Squish at the (home) movies

Recently, for family movie night, the fam selected Dune. None of us had seen it. I did some quick research: Appropriate for a ten-year-old? I mean, she's seen Lord of the Rings, and Jaws, and other such things.

I learned that there was one brutal-ish death in the movie, and we started watching. With half the movie done and no particularly brutal death transpired, I found myself anticipating it with every tense scene. A couple of times I said, "This might be scary," or "You might want to cover your eyes," and finally, annoyed, she glared at me and said, "I've seen death, Daddy."

A few days later, she asked me to pick a movie for her. She had criteria: It should be magical, or be about robots, or be very suspenseful or stressful.

"How brave are you feeling?" I asked her.

She knew immediately what movie I was going to suggest. "A.I.?" She thought it over. We'd tried this movie a few years back. The scene where David, the robot child, is goaded into eating real food, causing havoc in his inner mechanisms, had frightened her. "Let's do this," she said to me now.

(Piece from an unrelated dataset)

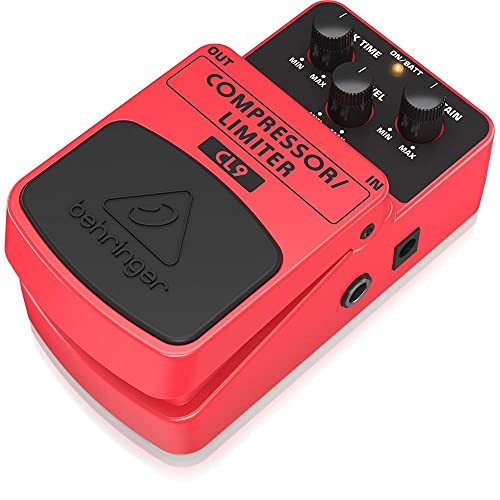 Behringer CL9 COMPRESSOR/LIMITER Oragne Guitar Effects Pedal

But as the studio logos began, she seemed restless.

"I'll warn you about any scary parts," I told her.

She said, "If you don't, I'll kill you."

We both cackled.

When the movie was over, she looked at me, a little fraught, and said, "I have to go find Mama." She climbed into Felicia's lap and held her, and let herself be held. Not because she was scared. Because a movie about a boy and his mother got under her skin in the best way.